The smallest omelet chef in Lenexa was finished with his prep work. The little piles of onions and peppers had been chopped and diced, and the eggs had been cracked. The pan was hot. He just needed his mom to give him a hand, although not in the way you're probably thinking.
"My mom tells this story," says chef Brian Aaron. "I was 4 or 5, and she asked what I wanted for breakfast. Eggs. How do you want them? My way. Then I pushed my little chair over to the stove, and she had to hold onto the back of my pants to keep me from burning my belly."
The chef at Tannin Wine Bar and Kitchen will tell you that a kitchen is like a family -- a philosophy that took root while he was taking omelet orders in his own family's kitchen.
The past week was a bittersweet one at Tannin. Only five days after the restaurant's official grand opening, The Kansas City Star raved about the food. This was eight years to the day after Aaron's older brother, Kevin, died.
"He was the kind of guy that was friends with everyone," Aaron says. "He was who you wanted to be."
It was Kevin who got Aaron his first kitchen job. He remembers his brother turning to him in his car one day and asking his plans for the summer. Aaron, then 15, was cocky, replying that he might cook because he was "pretty good at it," and he wanted to earn enough money to buy a mountain bike.
"He told me that he had been hanging out at the Sahara Cafe and had already set it up with the boss," Aaron says. "And then he said, 'I got you this.' "
Kevin opened the garage door to reveal a Cannondale mountain bike. Aaron started at the Sahara Cafe as a dishwasher. Before long, he was on the line at the converted Taco Bell, roasting Cornish game hens and breaking down racks of lamb. Owner Samir Abu-Ali worked alongside him on Sundays, tending to the grill and the dining room.
"We were the peace process in action. I was a nice Jewish boy working for a Palestinian," Aaron says.
After graduating from Shawnee Mission South High School, Aaron enrolled at Colorado State to study restaurant and resort management. At the time, he was a vegetarian -- "It was hard to find happy, healthy chickens in the late '90s," he explains. After graduation, he enrolled at Johnson and Wales in Denver. His externship was at the Brown Palace Hotel, where he learned the art of the banquet and the challenges of putting out a thousand meals a day. He was hired on as a second cook for banquets; three weeks later, he was the lead cook.
"I'm just out of culinary school and here I am sitting in meetings with a group of eight people that are running the whole hotel," Aaron says.
It was his transition into the real world, where grief and loss unfortunately are part of our daily lives. In 2003, Kevin died, and Aaron felt untethered. He was back in Kansas City, but he didn't pick up a knife for three months. It just didn't feel right.

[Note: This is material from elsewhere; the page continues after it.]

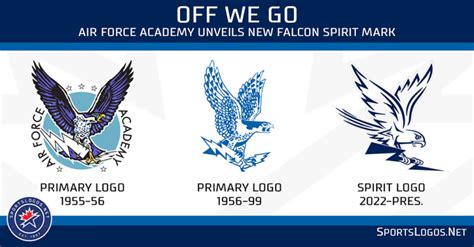 Air Force Academy Unveils New Falcon Spirit Logo Sportslogosnet News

Kevin had been good friends with John Williams, the chef and owner of Pot Pie. Williams had just bought the Westport space, and Aaron found himself drawn to the dining room. He began scrubbing ovens and sanding the bar. Williams was grieving, too. But chefs aren't meant to live in the dining room.
"He [Williams] looked at me one day and he said, 'You need to get a real job at a real restaurant,' " Aaron says.
Williams arranged for him to try out at Zin. The executive chef at the time was Derek Nacey, who gave Aaron 10 pounds of calamari to clean on his first day. After that first shift, Aaron accepted a beer as payment, just glad to have felt the energy of a kitchen for one shift. When Nacey's sous chef was in a car accident, Aaron was called back into the kitchen later that week.
"I had been gone for seven years. I had no idea about First Fridays or the Crossroads. And Zin was First Fridays," Aaron says.
The kitchen was slammed, and Aaron loved it. Afterward, Nacey turned to Aaron and promised to give him as many shifts as possible. He not only worked at Zin with Nacey but also followed him to Fayetteville, Arkansas, where Aaron was the head chef at Theo's. Aaron came back to Kansas City in 2009 and took over as executive chef at JP Wine Bar. After JP closed, he was named the head chef for Tannin.
"I'm just trying to bring in young, hungry cooks that want to have fun and see where we can take the menu," Aaron says. "And so far, the response has been great."